My reason? I just felt that it no longer painted a picture of me as I am now. In fact, as I read through some of the posts I wrote, I cringed as my words that seemed so amusing/artistic/wise/philosophical at that time now seem so unbelievably preposterous to me. It felt like I was reading the works of another person other than myself, and I did not know that person at all. I shook my head as I muttered to myself, “I can’t believe I wrote that!”
I am not judging that person, however. She was young. Confused. Naïve. Lost. A lot of her journal entries were bursting with glee, warmth, hope, and a zest for life. But in contrast, it was evident in some of her writings that she had her fair share of pain. I gave that girl a big hug. I told her “It’s okay. One day, you will grow up and things will get better.”
“How?” she asked.
“Because YOU will BE better,” I assured her.
Fast forward to a few years later…
I found myself revisiting my her old blog. Once again, I blenched at the words in front of me and I said, “You really have to go.” Those written words were no longer my words. That person was no longer me.
“Okay, but at least keep the good parts of me,” she implored.

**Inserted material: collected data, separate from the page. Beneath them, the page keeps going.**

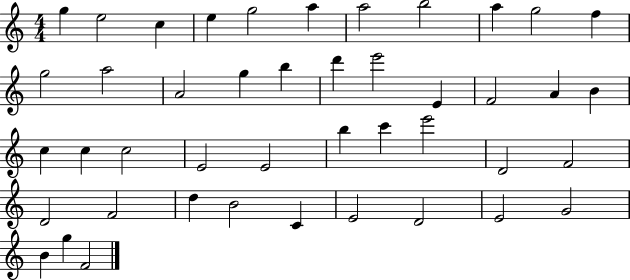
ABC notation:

X:1
T:Untitled
M:4/4
L:1/4
K:C
g e2 c e g2 a a2 b2 a g2 f g2 a2 A2 g b d' e'2 E F2 A B c c c2 E2 E2 b c' e'2 D2 F2 D2 F2 d B2 C E2 D2 E2 G2 B g F2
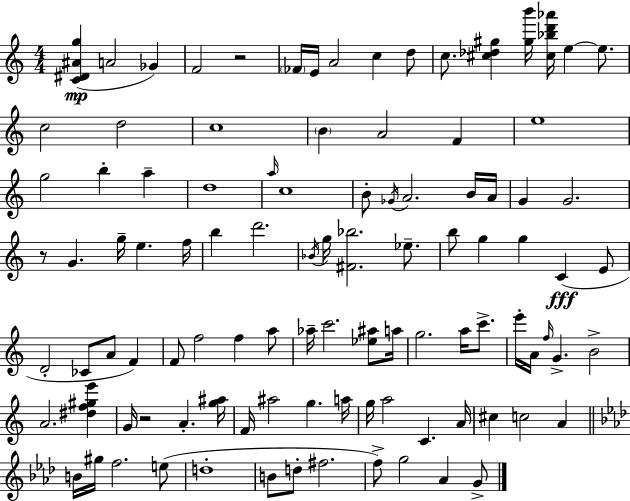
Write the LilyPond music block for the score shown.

{
  \clef treble
  \numericTimeSignature
  \time 4/4
  \key c \major
  \repeat volta 2 { <c' dis' ais' g''>4(\mp a'2 ges'4) | f'2 r2 | \parenthesize fes'16 e'16 a'2 c''4 d''8 | c''8. <cis'' des'' gis''>4 <gis'' b'''>16 <cis'' bes'' d''' aes'''>16 e''4~~ e''8. | \break c''2 d''2 | c''1 | \parenthesize b'4 a'2 f'4 | e''1 | \break g''2 b''4-. a''4-- | d''1 | \grace { a''16 } c''1 | b'8-. \acciaccatura { ges'16 } a'2. | \break b'16 a'16 g'4 g'2. | r8 g'4. g''16-- e''4. | f''16 b''4 d'''2. | \acciaccatura { bes'16 } g''16 <fis' bes''>2. | \break ees''8.-- b''8 g''4 g''4 c'4(\fff | e'8 d'2-. ces'8 a'8 f'4) | f'8 f''2 f''4 | a''8 aes''16-- c'''2. | \break <ees'' ais''>8 a''16 g''2. a''16 | c'''8.-> e'''16-. a'16 \grace { f''16 } g'4.-> b'2-> | a'2. | <dis'' f'' gis'' e'''>4 g'16 r2 a'4.-. | \break <g'' ais''>16 f'16 ais''2 g''4. | a''16 g''16 a''2 c'4. | a'16 cis''4 c''2 | a'4 \bar "||" \break \key aes \major b'16 gis''16 f''2. e''8( | d''1-. | b'8 d''8-. fis''2. | f''8->) g''2 aes'4 g'8-> | \break } \bar "|."
}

I had to admit, she did write a number of beautiful pieces. I say “beautiful” because they made people laugh, think, smile, and most importantly, felt understood. Her sense of humor entertained others and drew many to her. Visitors would say things like, “I needed to read this today. This is just what I needed. Thank you.” She used writing as her tool to enlighten, inspire, and brighten others’ day.
“Fine,” I conceded. I decided that I would only keep the good parts. Just the posts that would give rise to nothing but positive feelings.
Unfortunately, something dreadful happened. I don’t know how or why, but one day, as I was in the process of reconstructing my old online journal, my heart stopped as I looked at the screen in front of me and discovered that, to my dismay, the blog posts were gone! Deleted. Irretrievable. Every single one of them.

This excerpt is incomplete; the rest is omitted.